Data for review ▸
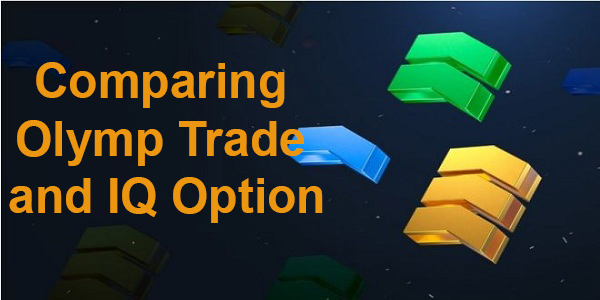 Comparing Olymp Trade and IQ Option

---

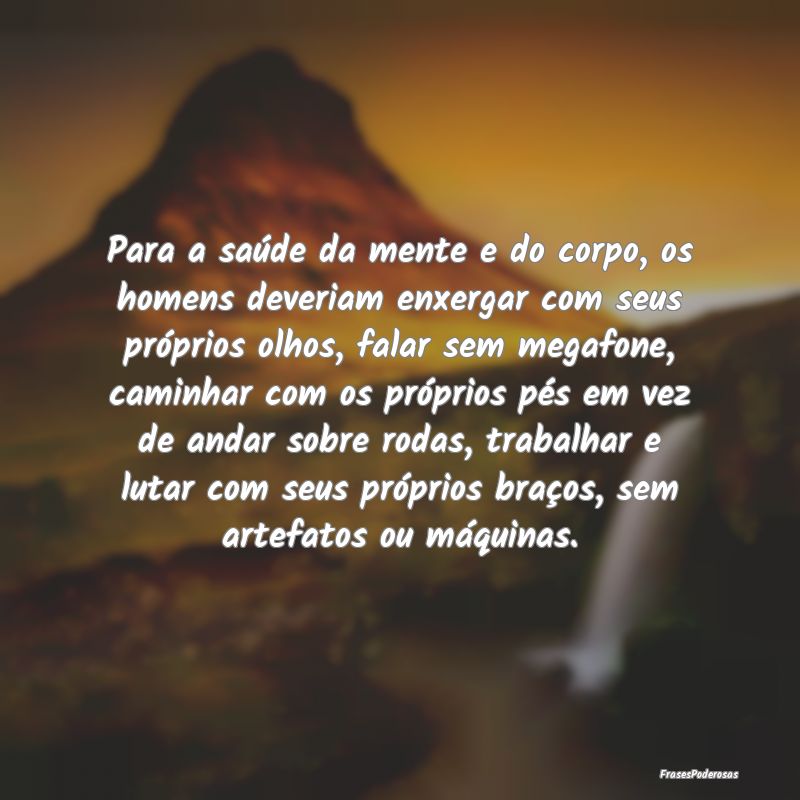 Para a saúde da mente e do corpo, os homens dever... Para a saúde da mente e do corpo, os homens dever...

==

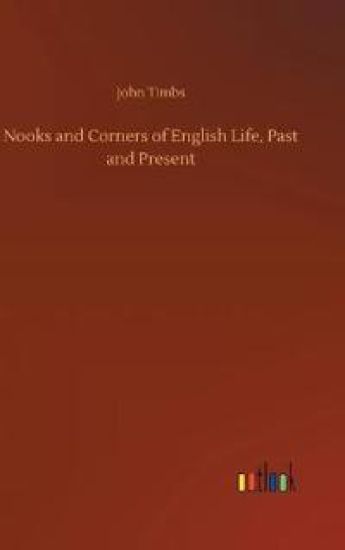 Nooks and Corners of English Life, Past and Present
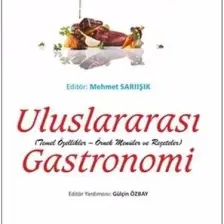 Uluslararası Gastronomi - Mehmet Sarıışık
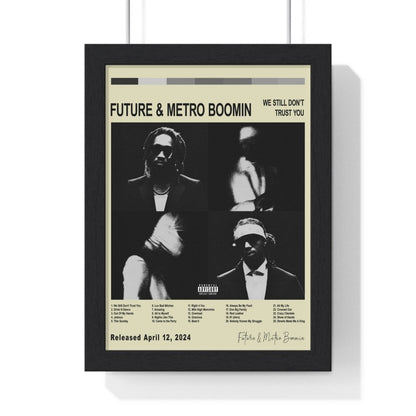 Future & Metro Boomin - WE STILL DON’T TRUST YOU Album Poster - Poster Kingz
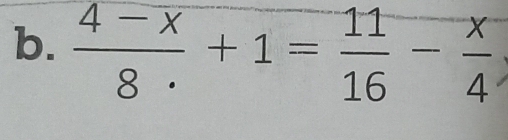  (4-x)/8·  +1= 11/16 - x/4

Exercise goal ▸
What are the lines above from the one with "Uluslararası Gastronomi - Mehmet Sarıışık" to the one with "11/16 - x/4", both included? Reproduce them exactly, without pictures.

Output ▸
 Uluslararası Gastronomi - Mehmet Sarıışık
 Future & Metro Boomin - WE STILL DON’T TRUST YOU Album Poster - Poster Kingz
  (4-x)/8·  +1= 11/16 - x/4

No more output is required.